Barney Frank's Links To The Genovese Crime Family
Image by roberthuffstutter via Flickr
Barney Frank, originally from Bayonne, NJ, was profiled last year in a piece by Jeffrey Toobin in The New Yorker, and according to the Congressman "his father was involved with the Mafia": "Because Bayonne was such a sleazy place, nobody knew whether Barney was going to wind up in Congress or in jail" [said lawyer Alan Dershowitz]. According to Frank, his father was involved with the Mafia. "[Alfonse Frank] Funzi Tieri, a big-time gangster with the Genovese family, came to my brother David's bar mitzvah, when I was twenty-three," he said. Sam Frank died at the age of fifty-three, while Barney was an undergraduate at Harvard, and Barney took a year off to help resolve the family's tangled financial affairs. "The Mafia guys were very helpful to me at the time," he said.
Sam Frank "operated Tooley's Truck Terminal, near the mouth of the Holland Tunnel in Jersey City":
"My father ran a truck stop," Frank told me. "He sort of lived on the fringes. We're talking about Hudson County—Frank Hague was the boss—a totally corrupt place. In 1946, my father's brother Harry got the contract to sell cars to the city, and of course he had to give a kickback to the guys who ran the city. My father was a middleman or something." Sam was subpoenaed to testify before a grand jury about the matter. He refused and was found in criminal contempt. "For a while, he was hiding out from the cops in New York," Frank recalled. "I was six years old, and once I went to see him in the city, and we saw 'Robin Hood,' with Errol Flynn. The next day, the cops came to my first-grade class to interview me, to see if I had been with my dad. My father's sister, Aunt Minnie, taught at the school. She heard about the cops coming and went straight to my classroom to break it up, so I didn't have to talk." Eventually, Sam returned to New Jersey, and was jailed for refusing to testify. "They treated him nice," Frank said. "They let my mother bring him food. He served for about a year."

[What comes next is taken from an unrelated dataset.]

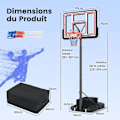 Miniatyrbild 6 av 6: COSTWAY Fristående basketbåge - Justerbar höjd 225-305 cm - Vevsystem - Backboard - Fyllbar bas - 2 nät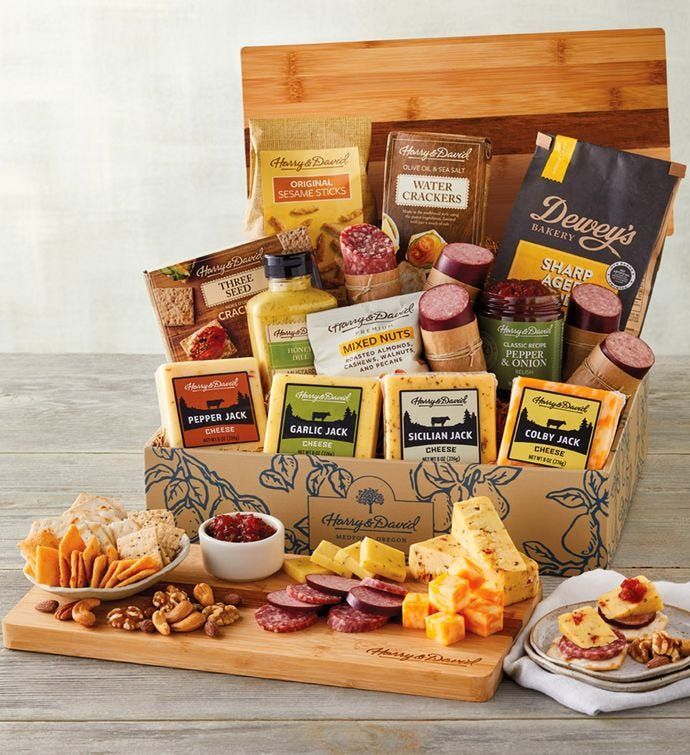 Ultimate Meat and Cheese Gift Box with Bamboo Board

Given Frank's sexual orientation it's ironic that Tieri had an apparent relationship with his family. After all, according to former Daily News reporter and editor Thomas Collins Jr. in his 2002 memoir NewsWalker, Matthew Ianniello -- convicted in 1985 for a skimming operation involving several of his establishments -- allegedly "was sponsored into the Genovese crime family by Frank 'Funzi' Tieri." As this blog previously has reported:
Ianniello perhaps is best known for the dozens of gay bars and discos in New York City with which he allegedly was involved during the 1960s, 1970s and 1980s including the hustler bar Haymarket, the tranny bar Gilded Grape, and the circus-like disco GG Barnum's Room. Indeed, no man had more of an instrumental role in gay nightlife in New York City than Ianniello, and although straight he probably should receive an honorary plaque recognizing his achievements from the city's Gay and Lesbian Chamber of Commerce.